The full text of the LifeWay statement follows this story.

Last August, LifeWay began a preliminary feasibility study of selling its campus to relocate to facilities better suited to the ministry’s future. The entity was founded in 1891 as the Sunday School Board of the Southern Baptist Convention.

Thom S. Rainer, LifeWay’s president, said in a mid-January report that the results of the study by local design and consulting firm Gresham, Smith and Partners (GSP) “confirmed there was interest favorable enough for us to take another step.”

LifeWay had conversations with local, regional and national entities about selling the property and accepted offers through mid-January.

Rainer said reasons to consider selling the property include:

  • Changes over the last 50 years in how LifeWay does ministry have created a need for workspaces that support LifeWay’s technologies, strategies and culture now and in the future.

  • LifeWay uses only one-third of its current space.

  • The opportunity to build a new facility designed specifically for the ministries LifeWay provides now and in the future.

If the property is sold, Rainer voiced a “very strong preference” for LifeWay to remain in downtown Nashville, which has become a vibrant urban hub. Gresham, Smith and Partners will help determine the size and type of space LifeWay needs to serve churches more effectively and efficiently, Rainer said. Planners estimate construction of a new building would take at least two years.

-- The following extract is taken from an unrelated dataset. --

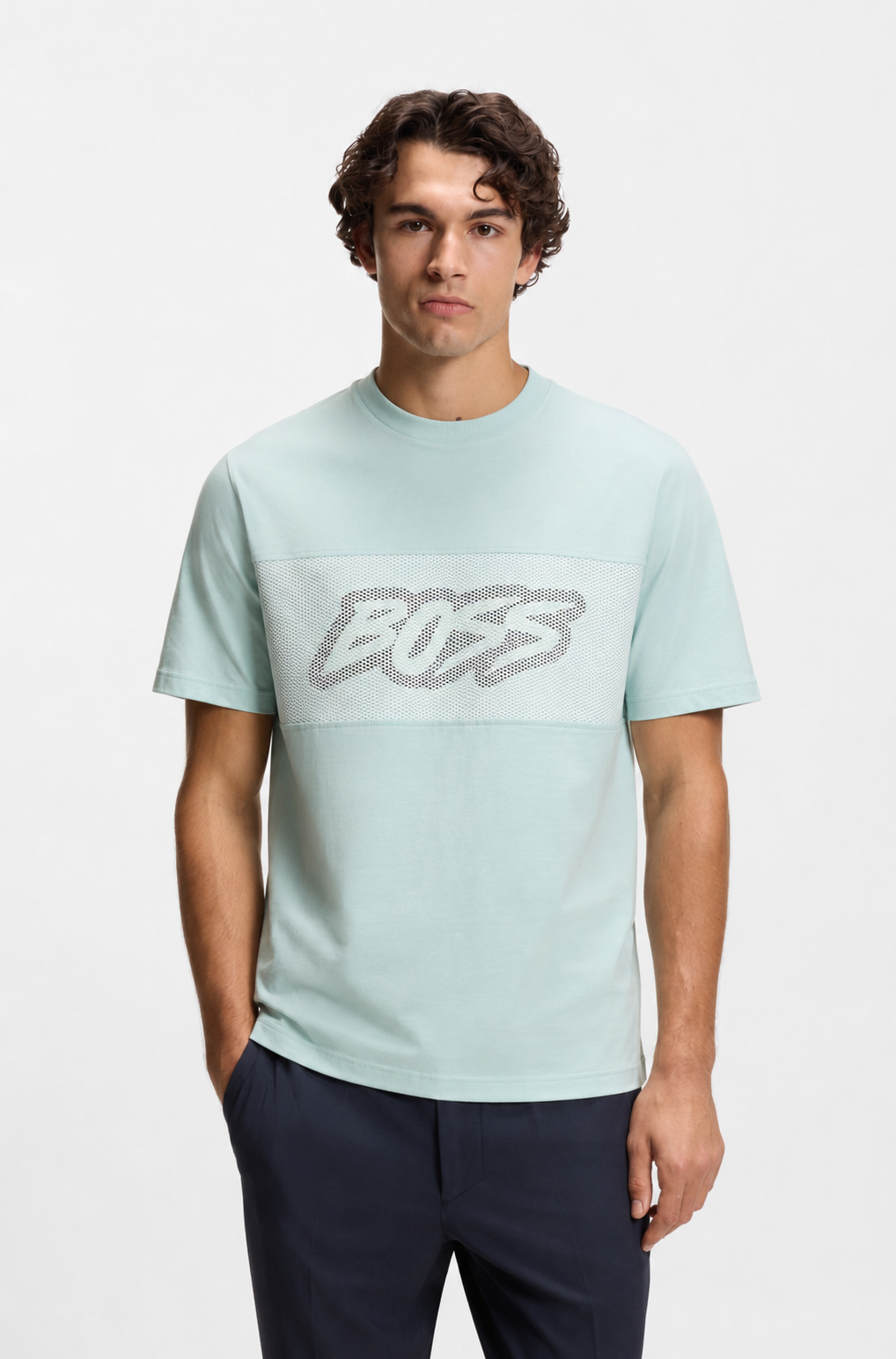 BOSS "Dynamic Panel" Graphic Tee in Mint Green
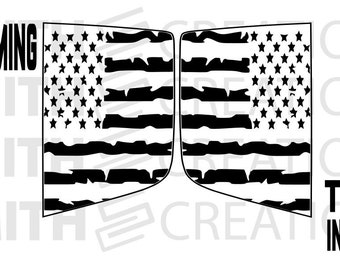 Fits 2015-2022 Jeep Renegade Distressed American Flag Vinyl Decal Quarter 3rd Window NO TRIMMING NEEDED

“Most of our current space was designed and built in the middle of the last century and for a much different work environment,” Rainer said in January. “We need a workplace designed to support the technologies, collaboration, and culture needed for today’s and tomorrow’s successful national and international ministry.”

Last August, Rainer cited demand for property in the downtown area and fewer employees now working at its corporate offices as reasons for studying a possible sale.

“… It would be poor stewardship for the organization not to explore the possibilities this situation could present for our ministry,” Rainer said in an Aug. 1 letter to LifeWay’s staff.

LifeWay, he said, could choose to sell only a portion of its property; or sell all of its downtown campus and move outside the city, either into existing facilities or begin new construction. Rainer described the possibility of moving outside of middle Tennessee as “remote.”

In the letter, Rainer addressed changes in the publishing industry and noted that more of LifeWay’s employees work outside Nashville than at its corporate offices.

“Our needs have changed,” he said. “We no longer print and package our resources on the first floor of the Operations Building and then put them on a conveyor belt running under Broadway to the U.S. Post Office.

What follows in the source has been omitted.